PROBLEM: Would you transcribe the entries below, beginning at the line with "4pcs Pineapple Brooches" and ending after the line with "The brass sleeve", exactly, with no picture and nothing more?

━━ TASK DATA ━━

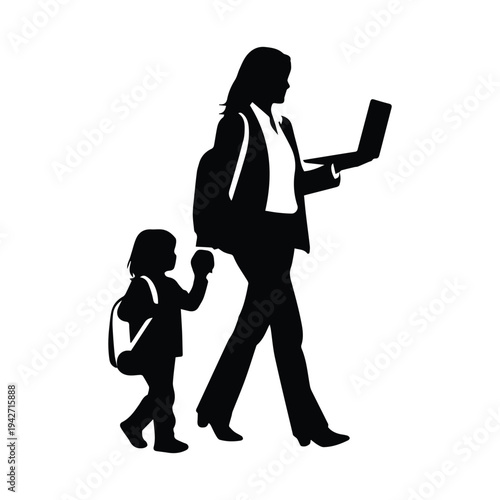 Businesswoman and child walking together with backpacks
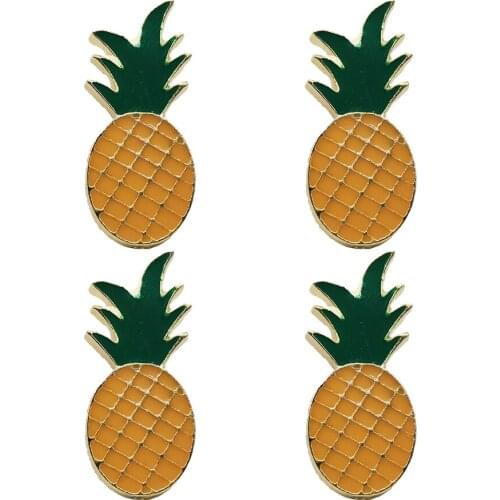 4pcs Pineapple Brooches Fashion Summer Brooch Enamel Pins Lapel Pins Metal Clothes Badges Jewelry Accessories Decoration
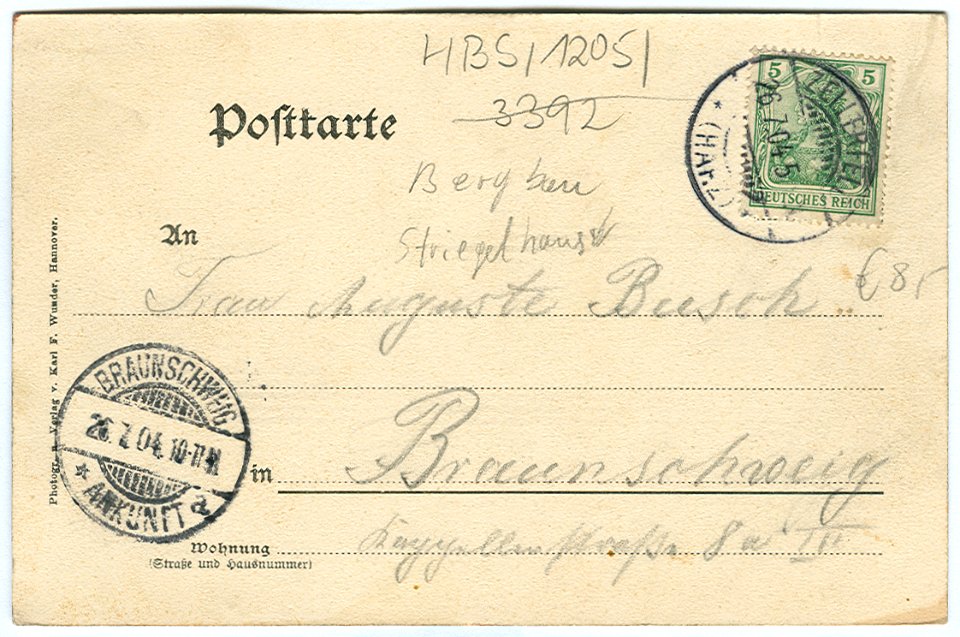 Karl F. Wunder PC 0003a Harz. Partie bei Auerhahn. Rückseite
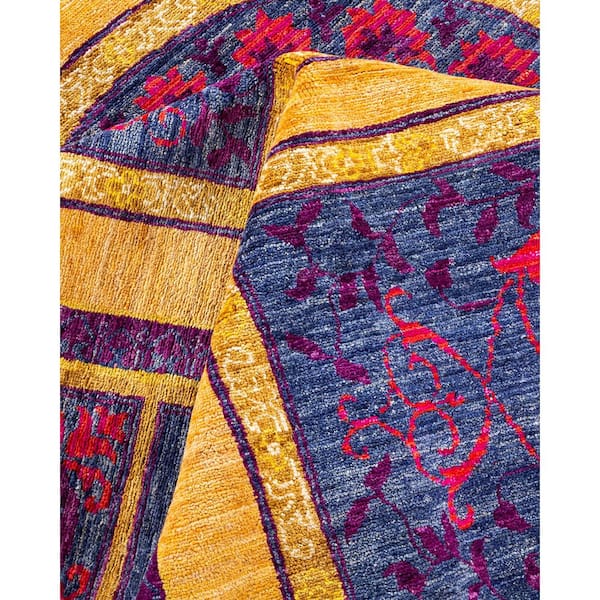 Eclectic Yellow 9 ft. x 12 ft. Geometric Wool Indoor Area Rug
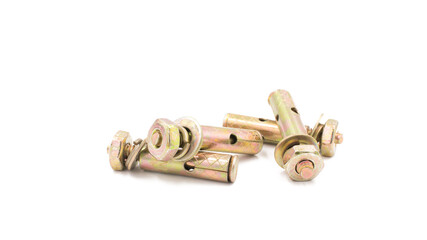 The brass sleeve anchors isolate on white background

━━━
━━ TASK DATA ━━

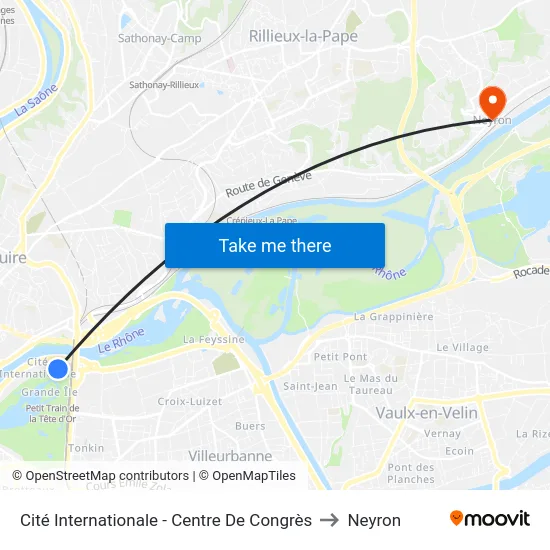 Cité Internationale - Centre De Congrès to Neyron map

━━━

RESULT BELOW:
 4pcs Pineapple Brooches Fashion Summer Brooch Enamel Pins Lapel Pins Metal Clothes Badges Jewelry Accessories Decoration
 Karl F. Wunder PC 0003a Harz. Partie bei Auerhahn. Rückseite
 Eclectic Yellow 9 ft. x 12 ft. Geometric Wool Indoor Area Rug
 The brass sleeve anchors isolate on white background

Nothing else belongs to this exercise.